Not surprisingly, staining with anti-Bif and anti-Hom antibodies indicates that both proteins are expressed in the oocyte. Bif localizes to the oocyte cortex in a manner very similar to that seen for F-actin. The staining seen with the anti-Hom antibody is highly punctated and, although localization is cortically enriched, Hom is also present in the cytoplasm. The cortical staining seen in wild-type oocytes (and nurse cells) is absent in mutant oocytes stained with the corresponding antibodies, confirming the specificity of both antibodies and that the mutant alleles do not produce detectable amounts of protein. Since homLL17 is a complete deletion of the coding region and bifR47 removes a significant portion of the coding region, they are both likely to be null alleles (Babu, 2004).

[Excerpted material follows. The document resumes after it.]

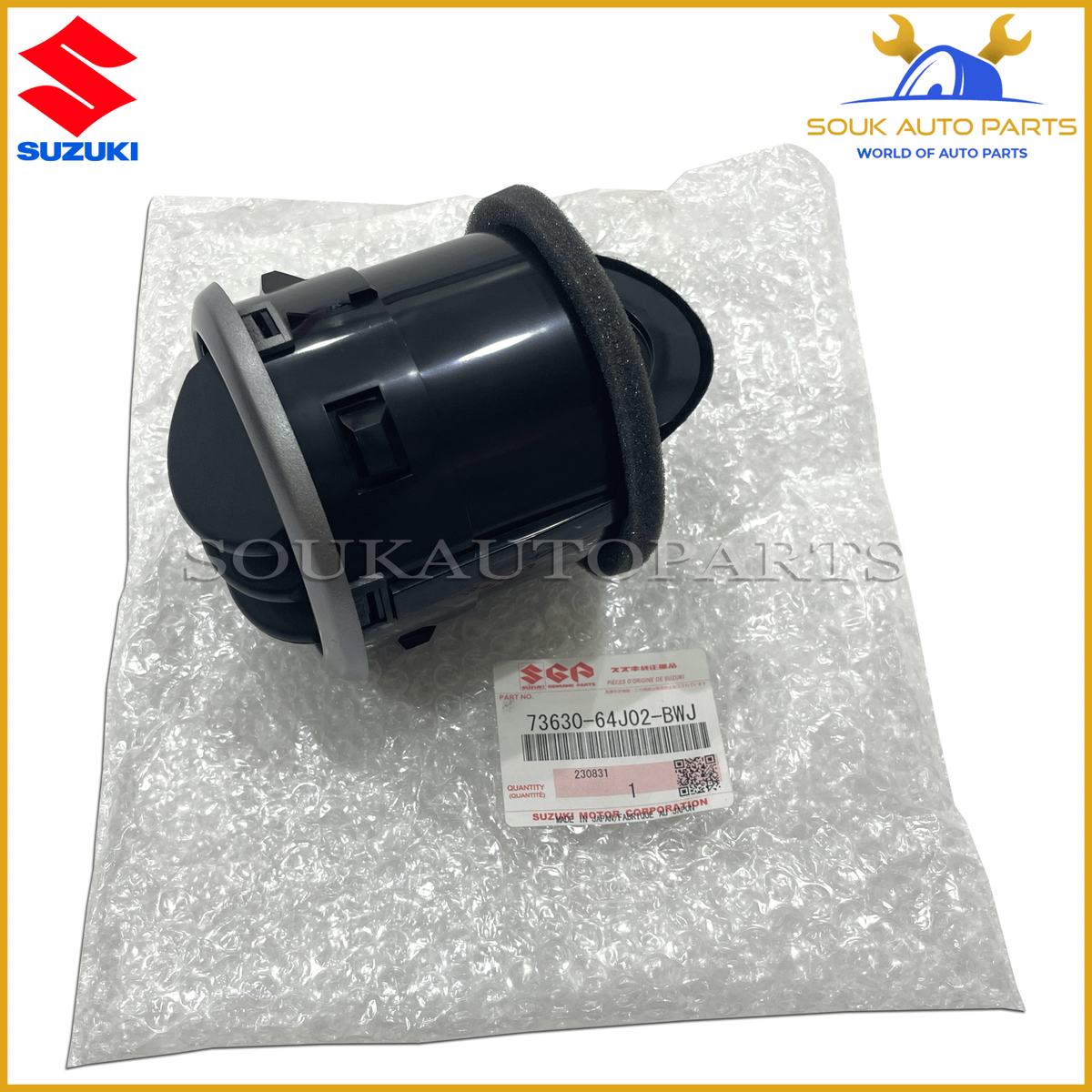 73630-64J02-BWJ Genuine Suzuki LOUVER, SIDE VENT (BLACK/GRAY 73630-64J02-BWJ Genuine Suzuki LOUVER, SIDE VENT (BLACK/GRAY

Several observations indicate that the defect in posterior localization of the osk gene products is due to defective anchoring and not transport or translation of osk RNA. Osk RNA and Osk proteins as well as Stau are localized normally in stage 9 double mutant oocytes. Consistent with this, both the F-actin and microtubule cytoskeletons in the double mutants are indistinguishable from those in the wild-type oocytes. Not only does the polarity of the microtubules appear normal, as assayed using a kinesin heavy chain (khc) ß-Gal marker, the cytoskeleton-dependent cytoplasmic streaming is also absent in stage 9 oocytes and occurs normally in stage 10 double mutant oocytes, as is seen with wild-type oocytes. Taken together, these observations indicate that the double mutant oocytes retain, at a gross level, normal cytoskeletal structure. They can transport osk mRNA to the posterior cortex, and translate it appropriately, but do not maintain the posterior anchoring of the osk gene products (Babu, 2004).
An intact F-actin cytoskeleton is thought to be required for asymmetric protein localization in several contexts. In the oocyte, loss or reduction of the actin binding proteins moesin and tropomyosin have been shown to affect the posterior anchoring of Osk in the oocyte and the embryo, respectively. To assess the requirement for an intact microfilament cytoskeleton for the anchoring of osk RNA and proteins in the oocyte, the localization of these molecules was examined in wild-type oocytes treated with an actin depolymerizing drug, Latrunculin A (Lat A). Following treatment with 20 µm Lat A, cortical F-actin in the oocytes was largely undetectable with phalloidin, yet, unexpectedly, both Osk proteins (short and Osk-ßGal) and osk RNA remain localized to the posterior cortex of the great majority of wild-type oocytes from stage 9-10B. This was seen even when the oocytes were overstained for the osk RNA: in around 17% of the Lat A-treated wild-type oocytes, mild defects in anchoring are observed. osk RNA and proteins show a diffuse localization at the posterior cortex. However, in no cases were they seen concentrated in the cytoplasm or had they become delocalized or undetectable (as seen in the hom/bif double mutant oocytes) as would be expected if an intact F-actin cytoskeleton were to be an absolute requirement for the normal anchoring of Osk. These mild effects on protein localization in the oocyte are in distinct contrast to those seen in embryonic neuroblasts where severe and high-penetrance defects in asymmetric protein localization are observed following disruption of microfilaments. These observations suggest that the role of microfilaments in the anchoring of proteins to the cortex may differ in the different cellular contexts (Babu, 2004).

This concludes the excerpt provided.